Das Problem ist n i c h t der Islam sondern die Schmarotzer.Welcher Religion oder Volkszugehörigkeit diese angehören ist ohne Bedeutung.
Nach Sarrazin ist aber der ISlam an Allem schuld.Das erinnert sehr an Huntington,der das Drehbuch zum 3.WK schrieb.Der Islam gegen den sogenannten „Westen“.

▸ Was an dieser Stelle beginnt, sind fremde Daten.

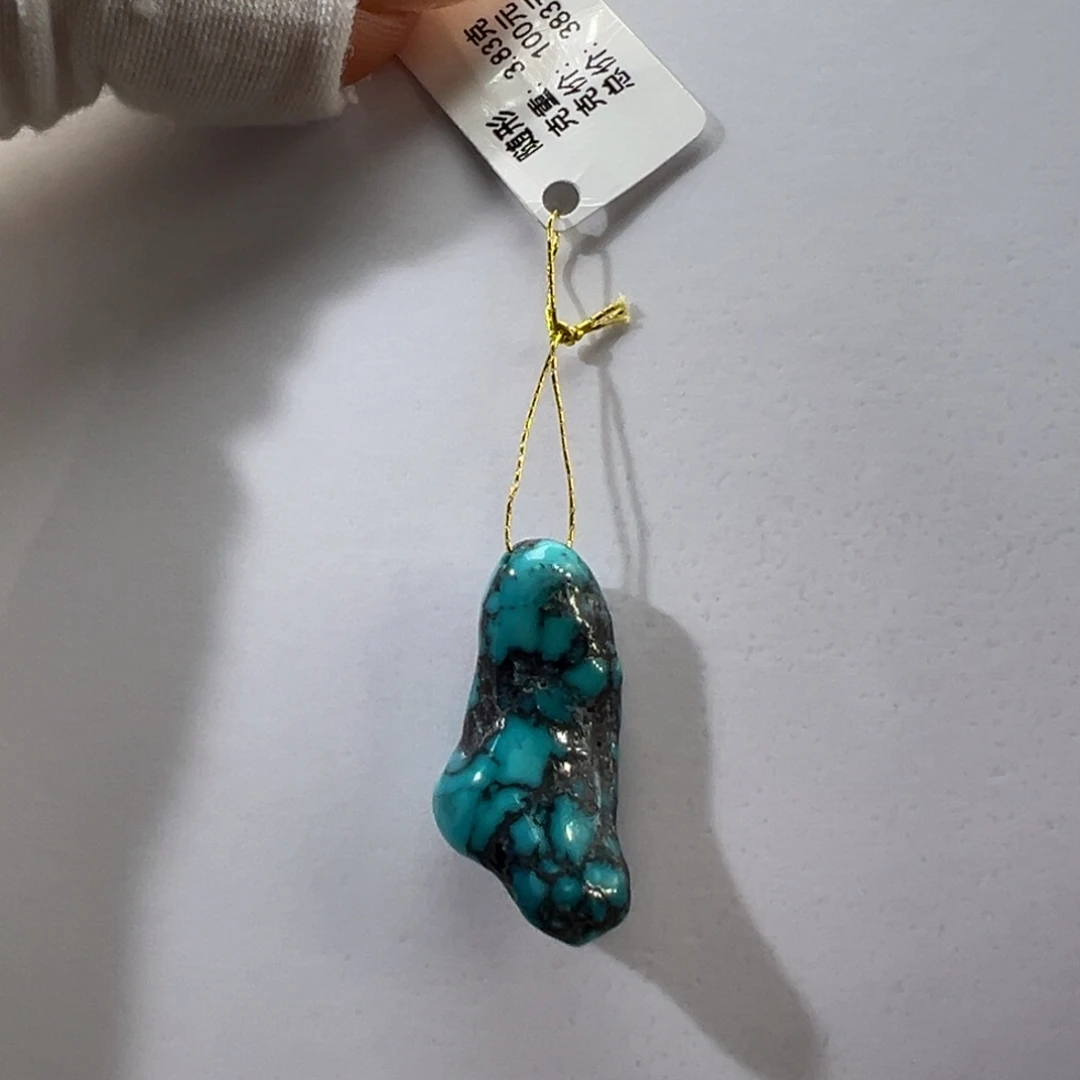 绿松石未镶嵌挂件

Dazu passt jetzt sehr gut ,daß Stadtkewitz eine offenbar zionistische Partei gründen will,in der Sarrazin eine wichtige Rolle spielen könnte.
Nachtigall ich hör die trapsen !
Ich denke, Herr Sarrazin hatte den konkreten Auftrag auszuloten, was derzeit politisch geht und was eben nicht. Der Rest war eine riesige Politshow vom Feinsten.
Auf der einen Seite echauffierten sich die üblich Verdächtigen aus dem rot rot grünen Lager. Auf der anderen Seite hatten so die Politiker aller Parteien genügend Gelegenheit, die wahre Stimmung des Volkes zu analysieren und vor allem haben sich kurzzeitig ein Ventil geschaffen, um es etwas Druck aus dem Kessel abzulassen.
Denn es ist im Großen wie im Kleinen immer dasselbe. Einmal richtig aufgeregt und dann geht es trotzdem weiter im alten Trott.
Denn wenn Herr Sarrazi es wirklich ernst gemeint hätte, dann wäre ihm seine Pension egal gewesen. Er hat auch so genug Geld und bekam allein durch sein Buch genug dazu. Und es gibt derzeit mehr als genug interessierte Bürger, die von ganz allein gekommen wären.
Da wäre in Null Komma nichts eine schlagkräftige Partei entstanden, die schon in den bevorstehenden Landtagswahlen hätte ganz schön einheizen können.